As part of a larger project that is currently a work in progress, I needed a way to perform unit tests on a website, however I did not like the idea of creating test files separate to the code and existing documentation. JSDocs, the documentation tool I prefer to use, offers the ability to create modules and add-ons. I used this to create assertivedocs, a unit testing tool that outputs its results as part of the documentation. Assertions can be written in the documentation comments alongside the code, making it quick and easy to create unit tests.


I am a fan of card games, especially Magic the Gathering and the Pokémon Trading Card Game. My friends and I occasionally hold small tournaments among ourselves, and the first time we held one I made the matches using a spreadsheet and manually input each pairing.

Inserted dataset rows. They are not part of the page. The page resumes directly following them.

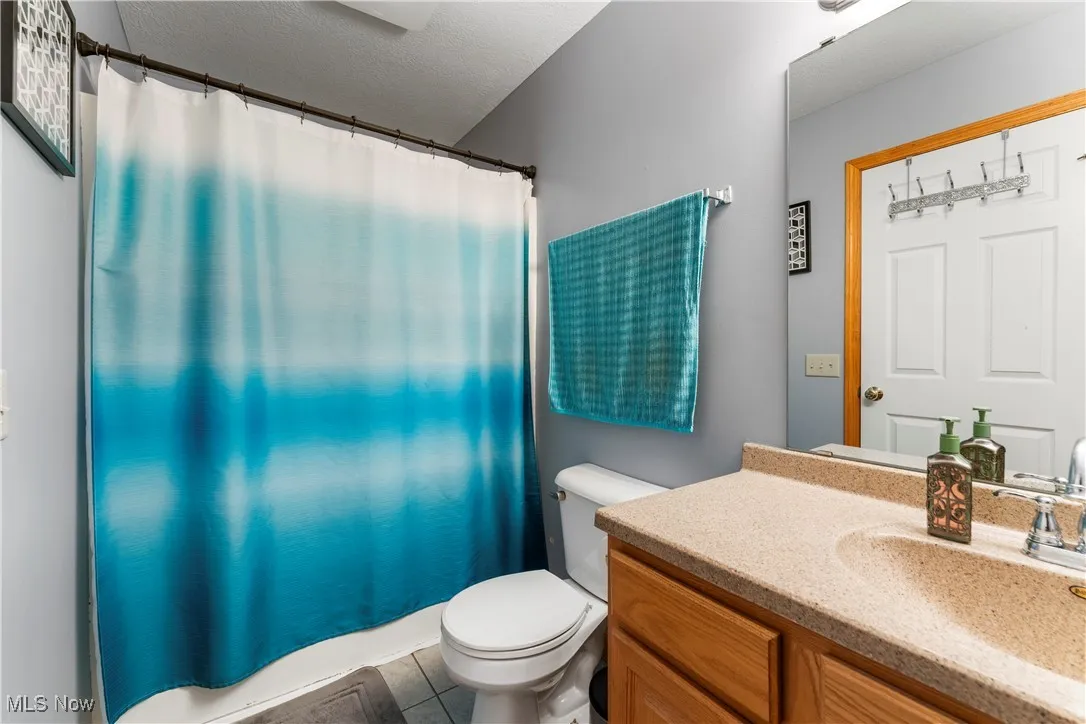 Full bath featuring vanity, a textured ceiling, a shower with shower curtain, and light tile patterned floors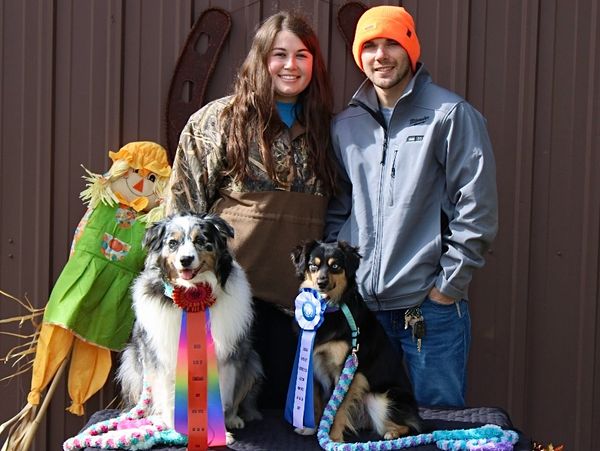 Two people with their prize-winning dogs wearing ribbons, posing happily.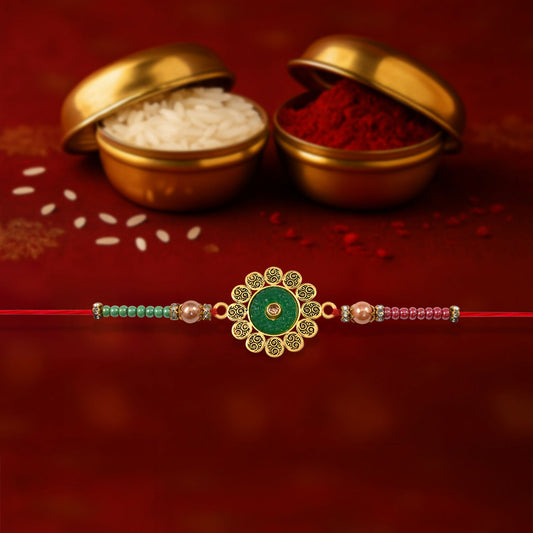 Floral Rakhi with green centerpiece and multicolor beads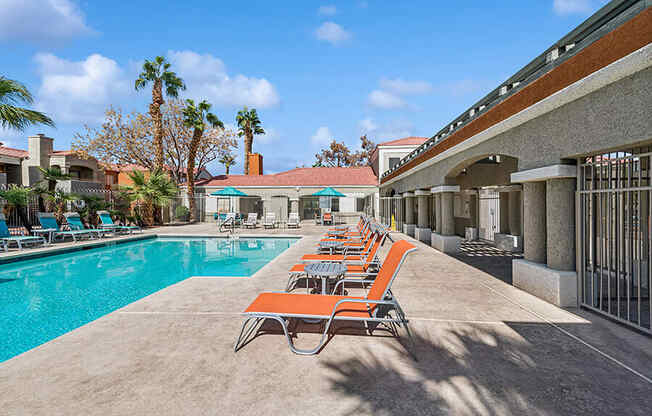 Community Swimming Pool with Pool Furniture at Stonegate Apartments located in Las Vegas, NV.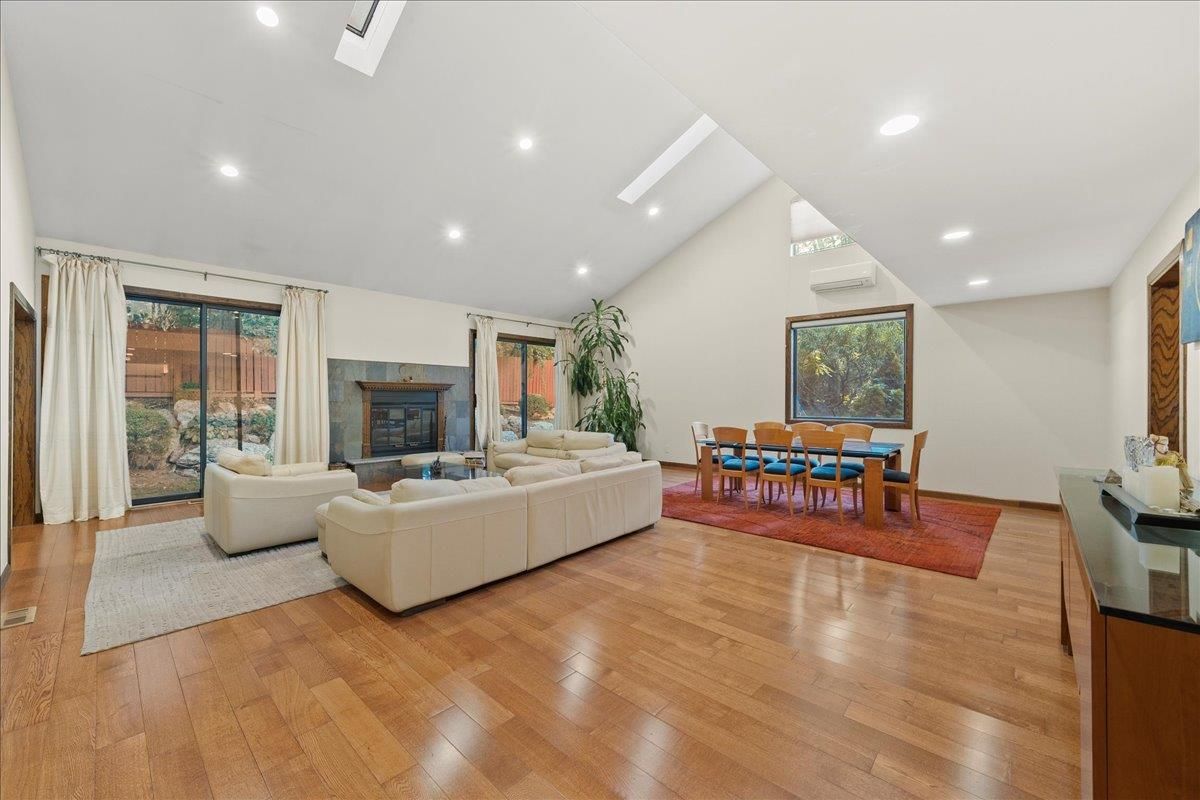 Dining room, Fireplace, Interior, Living room, Recessed Lighting, Wood Texture Flooring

This was time-consuming, and I could see how to automate the process using JavaScript, so I built this tool so that given any number of players it will generate a set of all possible pairings and split them into rounds.



Google Developer Student Club, or GDSC, is a charity-run organisation that aims to teach students current development techniques. As part of the 2021-22 Portsmouth team, it was my responsibility to stream and record as many sessions as possible. This was key during the COVID-19 pandemic and allowed remote students and anyone who did not feel safe coming to sessions in person to attend and learn. As part of this, I created the stream backgrounds and managed the audiovisual set-up of the sessions.


Playing Minecraft has been a passion of mine for years. The ability to completely shape the world whilst breathing life into it with mods is incredible, and is the perfect platform for emergent narratives. Whilst it is not a perfect game, it can be brought close through mods. Modpacks bring together multiple mods that work together, along with custom configurations, to create a tailored experience. My most popular modpack is a client-side collection of mods that improve the game's performance.